“You’re an idiot.” Her voice trembled.

  “That’s what I just said. I never did have any sense.” But he didn’t leave. Instead, his arm crept around her. His body warmed hers. He wouldn’t leave; she was sure of it. Sure of him, when he leaned down and pressed his lips to hers again.

  “Sweetheart,” he murmured.

  “My darling scoundrel.”

  He let out a little laugh. “Precisely. I’d rather leave you wanting than stay and earn your hatred.”

  And then he did pull away. The air was cold in his sudden absence; the night was dark. He gave her one last smile—as cocksure and arrogant as any he’d ever given her—and then he began to walk away. Really walk away, as if this were all over.

  “Edward,” Free called before he’d made it six paces.

  He paused, straightening, and then half-turned, looking back at her.

  “We both know you’ll return,” she told him.

  For a long while he stood, not saying anything. Then he shook his head.

  “I know,” he said. “I never did have any sense.”

  Chapter Fifteen

  “ALL I WANT,” EDWARD SAID, “is to know if he dictates a letter with her name in it.”

  His brother’s secretary sat across the table from him, a glass of ale in front of him. Peter Alvahurst frowned primly, as if he were pretending to have morals.

  “I don’t know,” he demurred.

  Alvahurst had been the one to bribe Mr. Marshall’s undersecretary in the first place. Edward knew precisely what sort of man he was, even if Alvahurst would not admit it.

  Edward took a second banknote out and set it on the table between them. The surface was sticky with layers of spilled ale.

  “I understand your concern,” Edward said smoothly. “I don’t want you to reveal the contents—that would be wrong, of course, and you aren’t the sort of man who would betray his employer for money.”

  “Too right.” This was said with a self-righteous nod.

  Mr. Alvahurst was precisely the kind of man who’d meet a shady character in a darkened pub and let that man dangle money in front of him. But Edward had always found that preserving a man’s illusion of himself was more important than simply offering money. Let someone think himself upright and honorable, and he’d slit a man’s throat for a halfpenny.

  “You know how much difficulty your employer’s last encounter with Frederica Marshall caused him,” Edward said. “And I know how loyal you are to him. We’re much alike, you and I. We’re looking out for his interests.”
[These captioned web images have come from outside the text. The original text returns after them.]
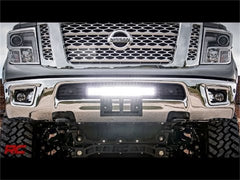 Rough Country Cree Black Series LED Light Bar - 70645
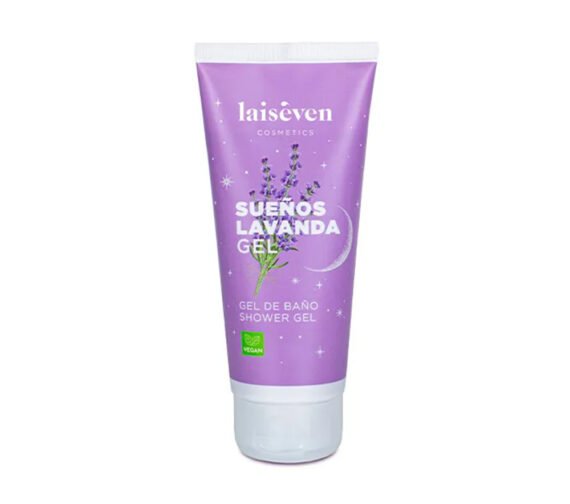 LAISEVEN SHOWER GEL LAVENDER dušo gelis levan…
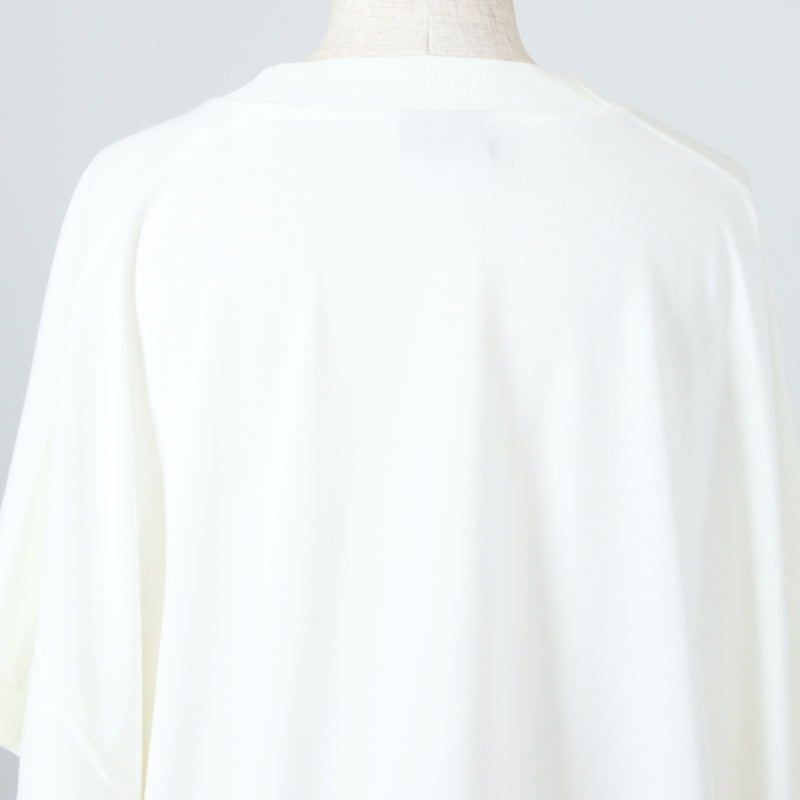 AXESQUIN(アクシーズクイン) QD COCOON TEE 画像28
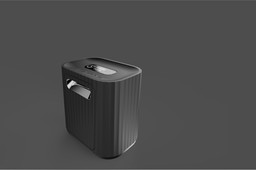 Toaster design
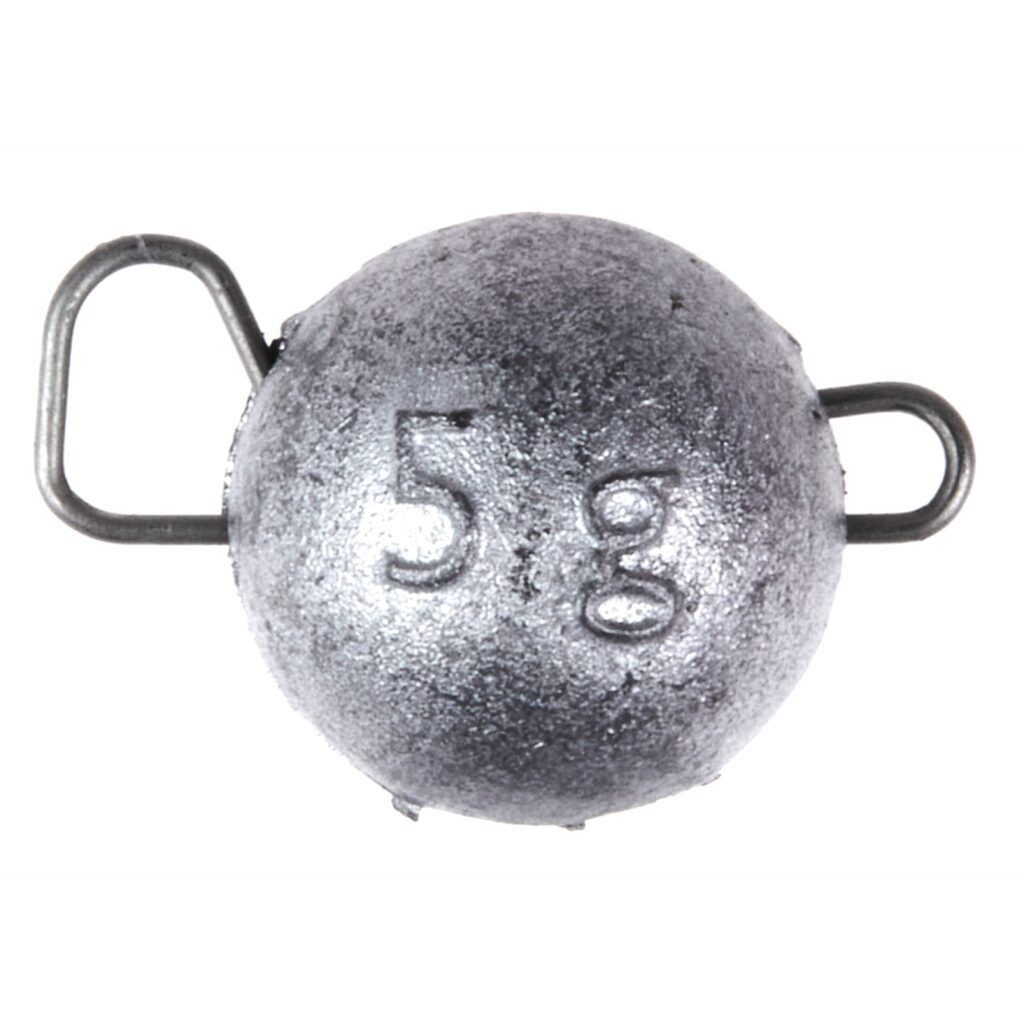 Svarelis Lucky John Lead Jig Ball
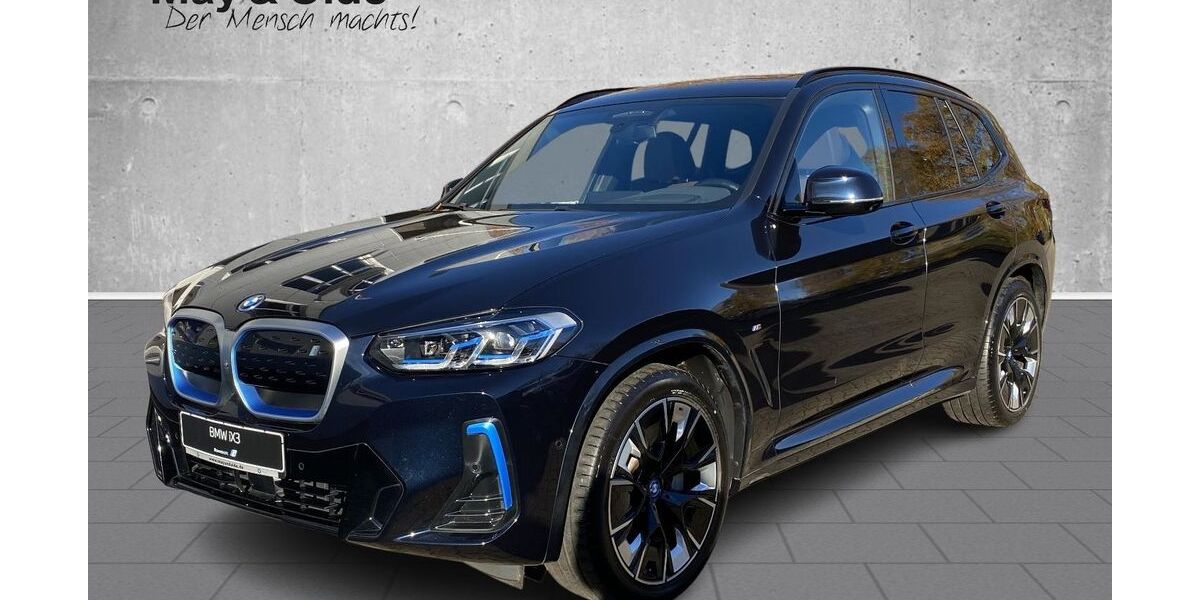 BMW iX3 52.030 km 37.490 &euro; Quickborn 25451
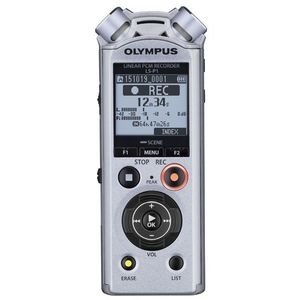 Reportofon PCM Olympus LS-P1, liniar imagine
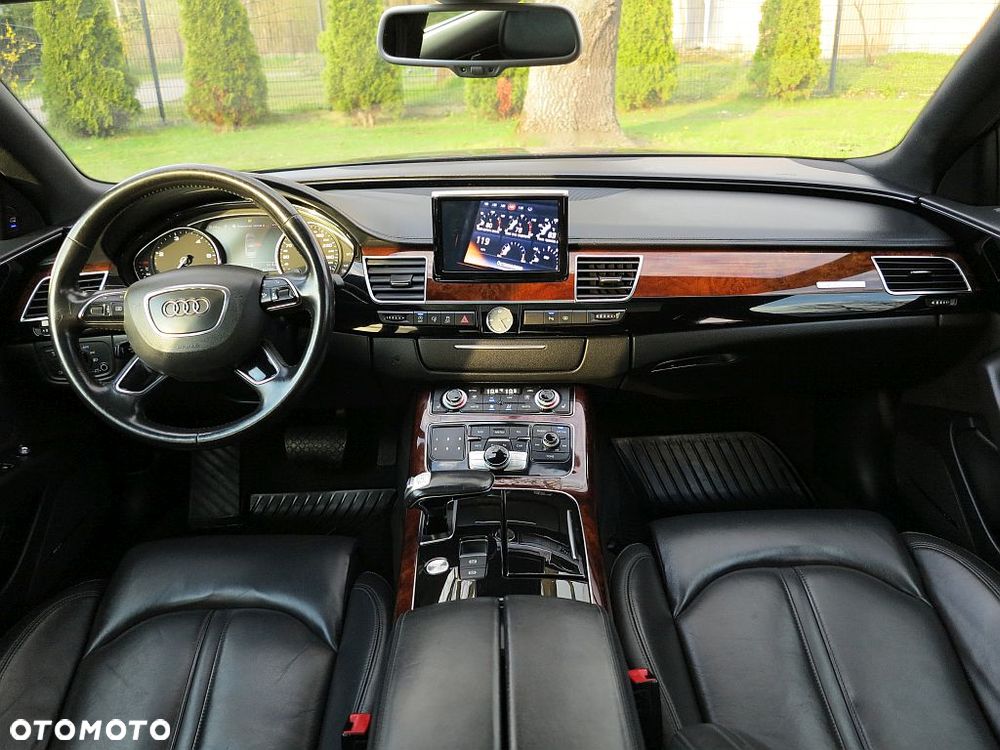 Audi A8 3.0 TDI DPF quattro tiptronic - 11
  “That’s true.” Mr. Alvahurst licked his lips and glanced at the ten pounds on the table. There was no evidence at all that Edward was looking out for Delacey’s interest—no evidence but Edward’s word and ten pounds. Edward took out a third note, but he didn’t slide this one any closer. He held it lightly, letting Alvahurst know of its existence.

  It had been three days since he’d left Free in the mews. Three days, in which he’d tried to convince himself to walk away as he should. Three days, during which he’d heard her words ringing in his ears. Y’ll return.

  No.

  He knew what he did, and what he did well. If he came back to her—really came back—he’d start telling himself lies, just like Alvahurst here. He’d tell himself he was noble, that he was doing things for her.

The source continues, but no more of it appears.